Loan Orginator Perspective
Bonds have managed to hold onto all the recent gains of the past couple days. With non farm payrolls coming on Friday, it is fairly common to see bonds weaken heading into the report. With bonds so far today, unable to make new lows, most of my floating clients are taking advantage of the improved rate sheets and locking today. -Victor Burek, Churchill Mortgage
Bonds hovered near unchanged today, as traders prepped for Friday's NFP Jobs Report. My pricing mirrored Tuesday's. NFP might/might not move bonds, but our narrow recent range holds the potential for significant movement, when (not if) the range breaks. With no clear trend for the moment, I am locking most new applications early in the process. -Ted Rood, Senior Originator
Today's Most Prevalent Rates
- 30YR FIXED - 4.00%
- FHA/VA - 3.75%
- 15 YEAR FIXED - 3.375%
- 5 YEAR ARMS - 2.75 - 3.25% depending on the lender
Ongoing Lock/Float Considerations
- Investors were relatively convinced that the decades-long trend toward lower rates had been permanently reversed after Trump became president, but such a conclusion would require YEARS to truly confirm
- Instead of continuing higher in 2017, rates instead formed a narrow, sideways range, and held inside until April.
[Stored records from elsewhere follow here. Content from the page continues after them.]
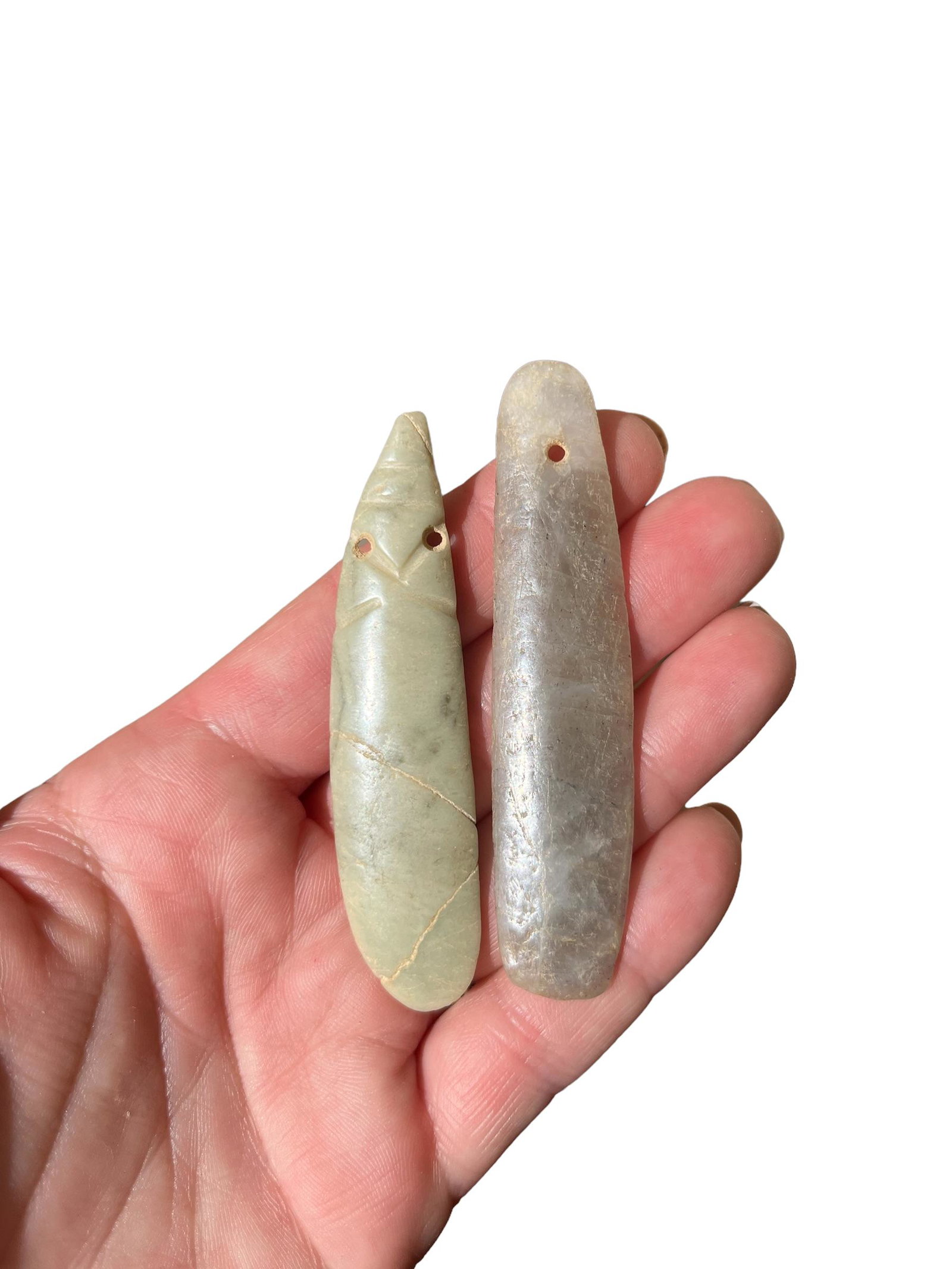 Pair of Pre-Columbian Translucent Jade Pendants (1 of 7)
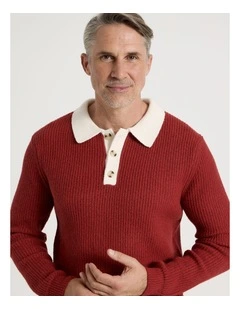 Contrast Collar Knit Polo in Red
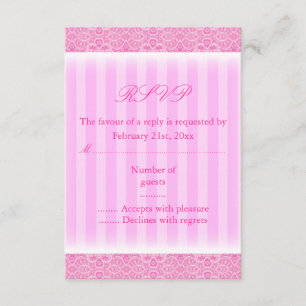 Tarjeta RSVP de banda rosa Sweet16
Investor perceptions are shifting such that fiscal reforms and other policy developments will need to live up to expectations in order to push rates higher. Geopolitical risks would also need to avoid flaring up (more than they already have)
- For the first time since the election, we're in a rate environment where you wouldn't be crazy not to lock at every little opportunity/improvement. Until/unless it's broken, the highest rates of early-2017 mark the ceiling, and we're now waiting to see how much lower we can go from here.
- Rates discussed refer to the most frequently-quoted, conforming, conventional 30yr fixed rate for top tier borrowers among average to well-priced lenders. The rates generally assume little-to-no origination or discount except as noted when applicable. Rates appearing on this page are "effective rates" that take day-to-day changes in upfront costs into consideration.